The general advice is to start early and think about financing when you do government and commercial agreements.
The cost of delay on a mega project is huge, he said, so financing needs to be started early so it doesn’t delay the start of construction.
Rich said he didn’t mean to be “unduly negative.”
Oil and gas and pipeline projects are a relatively popular segment with lenders because past experience has been good. The resources are known, generally the technologies are well proven and with a few exceptions financings have been paid.
Price risk is the main risk in the oil and gas business, but it’s a risk lenders think they can understand and price. And lenders like big oil because it’s highly creditworthy and has a conservative culture.
And the buzz word today is strategic and the markets are interested in strategic projects.
Mega financings take time
With small projects you can get from start to completion of financing in maybe six months, Rich said, but with mega projects it can take three years and up, so you have no idea what the market will look like when you are ready to finance. Today’s markets couldn’t be more favorable, he said, with a huge liquidity bubble which means credit standards are low.
And the market is global: Of the value of the 2006 market, only 15.7 percent was U.S. domestic.

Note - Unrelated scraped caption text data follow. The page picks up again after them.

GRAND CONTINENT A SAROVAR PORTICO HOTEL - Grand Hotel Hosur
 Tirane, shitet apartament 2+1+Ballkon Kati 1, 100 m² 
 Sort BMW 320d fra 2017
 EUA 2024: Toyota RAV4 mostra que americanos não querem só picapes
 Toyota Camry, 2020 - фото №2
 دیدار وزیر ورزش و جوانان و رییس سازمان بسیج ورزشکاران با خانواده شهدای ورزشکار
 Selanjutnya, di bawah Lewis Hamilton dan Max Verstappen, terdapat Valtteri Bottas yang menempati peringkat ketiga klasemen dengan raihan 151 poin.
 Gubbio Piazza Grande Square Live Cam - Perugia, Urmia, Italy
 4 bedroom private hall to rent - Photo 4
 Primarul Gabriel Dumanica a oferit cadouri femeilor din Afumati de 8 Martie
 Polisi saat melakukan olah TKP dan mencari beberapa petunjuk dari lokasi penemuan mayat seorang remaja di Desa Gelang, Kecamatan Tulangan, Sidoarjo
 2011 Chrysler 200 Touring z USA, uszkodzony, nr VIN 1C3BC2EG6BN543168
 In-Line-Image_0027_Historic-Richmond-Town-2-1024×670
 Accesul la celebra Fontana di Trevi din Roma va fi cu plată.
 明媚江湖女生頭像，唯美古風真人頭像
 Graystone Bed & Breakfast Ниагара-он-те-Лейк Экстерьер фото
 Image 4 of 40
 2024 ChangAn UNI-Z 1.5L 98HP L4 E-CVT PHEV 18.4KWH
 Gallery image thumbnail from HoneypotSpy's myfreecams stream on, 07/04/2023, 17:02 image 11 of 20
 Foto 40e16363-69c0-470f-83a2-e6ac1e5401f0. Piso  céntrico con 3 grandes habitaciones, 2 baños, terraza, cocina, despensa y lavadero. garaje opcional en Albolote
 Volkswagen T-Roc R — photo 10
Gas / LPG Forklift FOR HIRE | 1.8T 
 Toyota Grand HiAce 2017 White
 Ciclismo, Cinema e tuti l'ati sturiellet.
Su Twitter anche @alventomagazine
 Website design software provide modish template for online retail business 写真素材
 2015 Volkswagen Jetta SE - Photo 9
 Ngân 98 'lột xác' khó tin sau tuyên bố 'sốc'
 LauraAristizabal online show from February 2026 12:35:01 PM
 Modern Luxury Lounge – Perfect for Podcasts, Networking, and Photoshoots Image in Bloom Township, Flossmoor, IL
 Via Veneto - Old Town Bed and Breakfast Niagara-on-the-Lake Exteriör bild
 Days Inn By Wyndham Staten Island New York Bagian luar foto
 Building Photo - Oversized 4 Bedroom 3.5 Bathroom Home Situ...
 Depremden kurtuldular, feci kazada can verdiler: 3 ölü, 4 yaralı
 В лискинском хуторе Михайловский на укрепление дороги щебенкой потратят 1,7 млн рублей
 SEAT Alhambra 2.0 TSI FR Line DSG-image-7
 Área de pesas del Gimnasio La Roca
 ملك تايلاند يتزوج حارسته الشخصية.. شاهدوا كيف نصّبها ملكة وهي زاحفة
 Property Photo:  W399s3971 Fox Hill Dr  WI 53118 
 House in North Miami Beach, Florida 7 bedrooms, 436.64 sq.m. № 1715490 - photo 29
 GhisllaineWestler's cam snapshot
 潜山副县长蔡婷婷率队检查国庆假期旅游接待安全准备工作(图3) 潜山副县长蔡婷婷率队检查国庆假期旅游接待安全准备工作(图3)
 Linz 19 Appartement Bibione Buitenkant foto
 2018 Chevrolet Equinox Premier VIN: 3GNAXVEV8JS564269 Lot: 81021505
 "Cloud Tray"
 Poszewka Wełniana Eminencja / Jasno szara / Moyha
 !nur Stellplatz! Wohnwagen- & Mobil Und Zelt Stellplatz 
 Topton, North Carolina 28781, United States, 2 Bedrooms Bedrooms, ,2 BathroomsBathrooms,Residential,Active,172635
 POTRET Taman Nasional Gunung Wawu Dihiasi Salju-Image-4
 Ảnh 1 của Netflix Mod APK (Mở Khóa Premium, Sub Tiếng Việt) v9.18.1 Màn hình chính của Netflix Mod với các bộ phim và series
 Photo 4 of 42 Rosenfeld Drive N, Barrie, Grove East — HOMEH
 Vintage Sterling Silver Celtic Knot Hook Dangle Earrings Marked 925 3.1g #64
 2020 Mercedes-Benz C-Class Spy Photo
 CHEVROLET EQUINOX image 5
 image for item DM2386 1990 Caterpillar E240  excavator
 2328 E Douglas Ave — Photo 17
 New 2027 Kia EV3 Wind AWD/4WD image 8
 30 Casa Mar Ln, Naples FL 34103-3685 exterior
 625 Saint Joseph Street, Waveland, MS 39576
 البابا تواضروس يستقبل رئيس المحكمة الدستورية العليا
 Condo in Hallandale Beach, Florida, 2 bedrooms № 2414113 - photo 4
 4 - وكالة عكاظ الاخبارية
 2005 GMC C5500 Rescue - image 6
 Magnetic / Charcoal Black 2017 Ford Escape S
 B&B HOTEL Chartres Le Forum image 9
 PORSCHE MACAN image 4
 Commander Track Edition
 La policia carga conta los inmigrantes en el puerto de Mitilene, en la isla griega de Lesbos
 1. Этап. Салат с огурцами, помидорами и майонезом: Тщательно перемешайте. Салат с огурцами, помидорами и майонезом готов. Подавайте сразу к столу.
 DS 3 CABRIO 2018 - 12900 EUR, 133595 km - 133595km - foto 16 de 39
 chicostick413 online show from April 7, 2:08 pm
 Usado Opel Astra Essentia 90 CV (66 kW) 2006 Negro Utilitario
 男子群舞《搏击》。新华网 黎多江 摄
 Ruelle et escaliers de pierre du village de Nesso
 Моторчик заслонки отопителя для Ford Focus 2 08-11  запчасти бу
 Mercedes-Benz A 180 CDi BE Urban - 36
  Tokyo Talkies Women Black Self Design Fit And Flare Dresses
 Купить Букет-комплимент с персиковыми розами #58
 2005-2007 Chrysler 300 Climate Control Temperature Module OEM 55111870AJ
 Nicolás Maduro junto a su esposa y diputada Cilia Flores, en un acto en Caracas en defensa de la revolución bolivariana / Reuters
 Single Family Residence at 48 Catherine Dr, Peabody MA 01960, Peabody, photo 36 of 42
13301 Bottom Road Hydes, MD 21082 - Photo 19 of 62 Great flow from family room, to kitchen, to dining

An Alaska project will probably be done with bond financing, he said, since the bank market is basically 10 years and this project is expected to have a longer-lived debt. The disadvantage with the bond market is that it is very volatile and there will be times when bond markets may not be available.
How do people deal with this? By doing multi-track finance plans, just as they deal with the possibility that the market will be at either trough or peak by making market-neutral decisions, he said.
How are big projects done?
Outside of North America a lot of midstream developments are completely integrated with the upstream, Rich said. A lot of projects are also developed separately but with the resource owners as owners of the midstream. The projects were separate so there was no recourse but the upstream producers were shareholders.
And some projects have been entirely separate: producers or utilities not shareholders in the midstream at all.
Lenders do look at the links into the upstream. The assumption here is that transportation commitments from producers are expected, although downstream utilities may also be shippers. Rich said downstream shipping commitments are analyzed differently and add another layer of credit risk because lenders still have the risk of reserves and the ultimate downstream market, and are now adding the risk of the utility.
The nature of the transportation commitment is also considered, with firm transportation commitments the norm although overseas projects have been done without them.
And the pressures for integration come from both sides. The producers worry about timeliness, control of construction and operating costs and reliability. That’s why overseas so many projects are done on an integrated basis, he said, with midstream and upstream developed as a single project or producers playing a large role in the midstream.
Lenders have similar concerns, he said. They are utterly dependent on the upstream and reserves for payment of the debt and they focus on the link between upstream and midstream. If the only link is the transportation contracts, then they bear all of that weight.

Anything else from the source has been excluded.